*WORK TO BE COMPLETED*. Your task is to retype the lines from the opening of the material through the line that includes "Skagerak Selandia Outdoor". Do not copy the pictures.

*DATA SEGMENT*.
☆ ☆ ☆ ☆ ☆ ☆ ☆

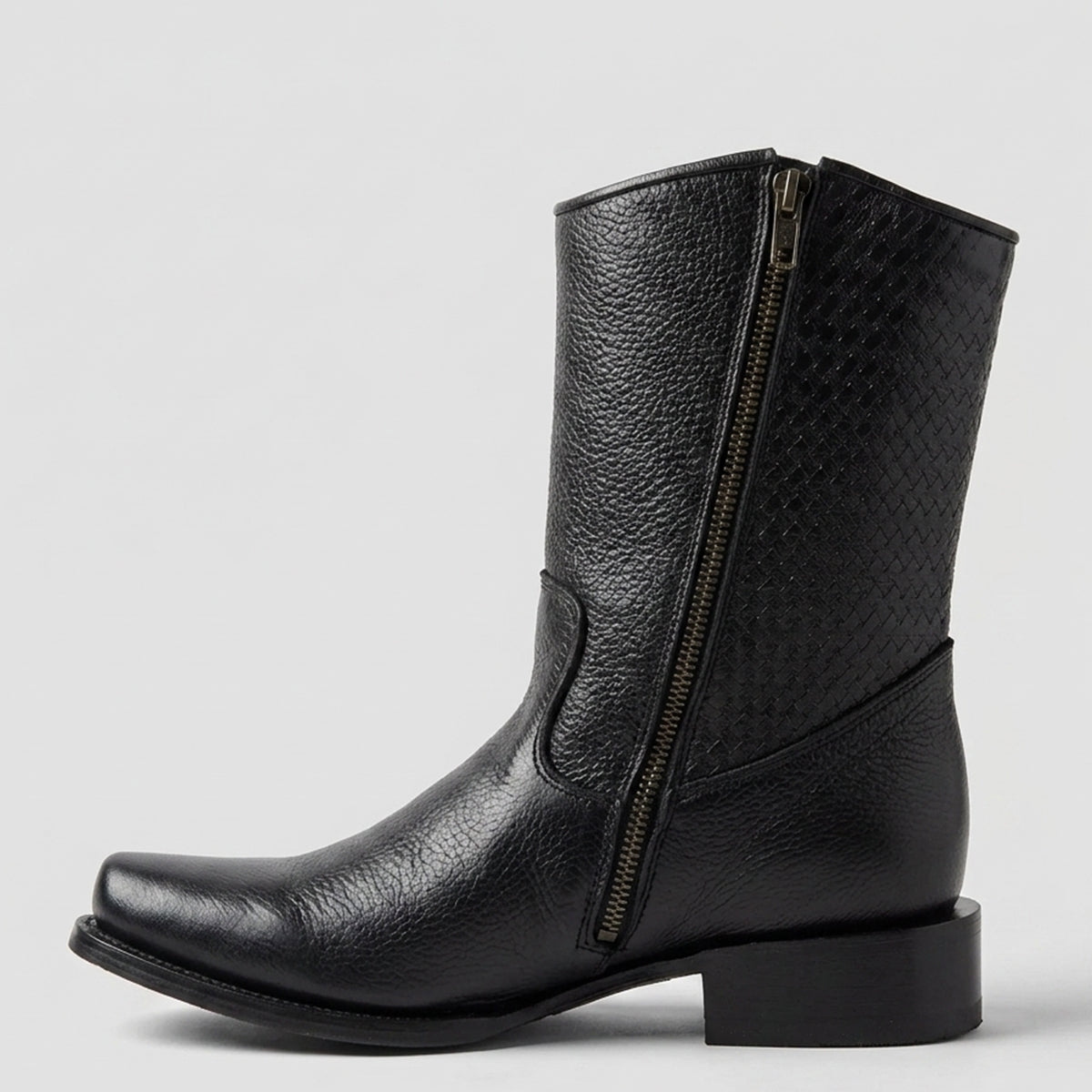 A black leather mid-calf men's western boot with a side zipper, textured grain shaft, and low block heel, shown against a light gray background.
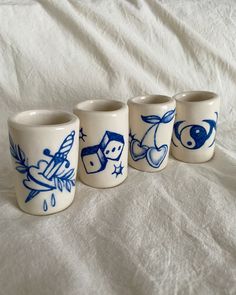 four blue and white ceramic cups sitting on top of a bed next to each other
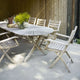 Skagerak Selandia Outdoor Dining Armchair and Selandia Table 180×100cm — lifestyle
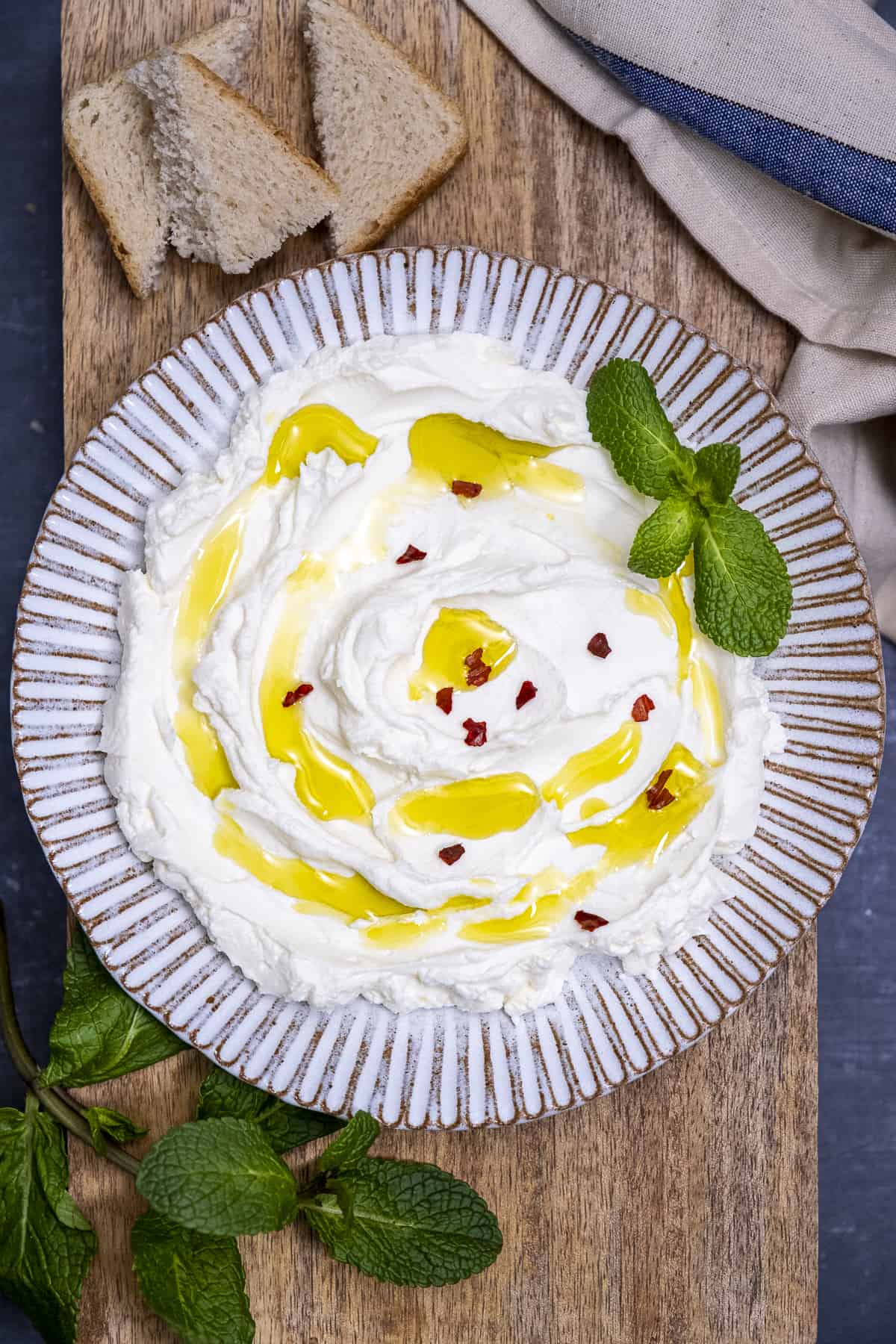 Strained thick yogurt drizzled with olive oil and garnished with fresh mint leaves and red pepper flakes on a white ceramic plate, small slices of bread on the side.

☆ ☆ ☆ ☆ ☆ ☆ ☆

*REPLY TO THE EXERCISE*.
 A black leather mid-calf men's western boot with a side zipper, textured grain shaft, and low block heel, shown against a light gray background.
 four blue and white ceramic cups sitting on top of a bed next to each other
 Skagerak Selandia Outdoor Dining Armchair and Selandia Table 180×100cm — lifestyle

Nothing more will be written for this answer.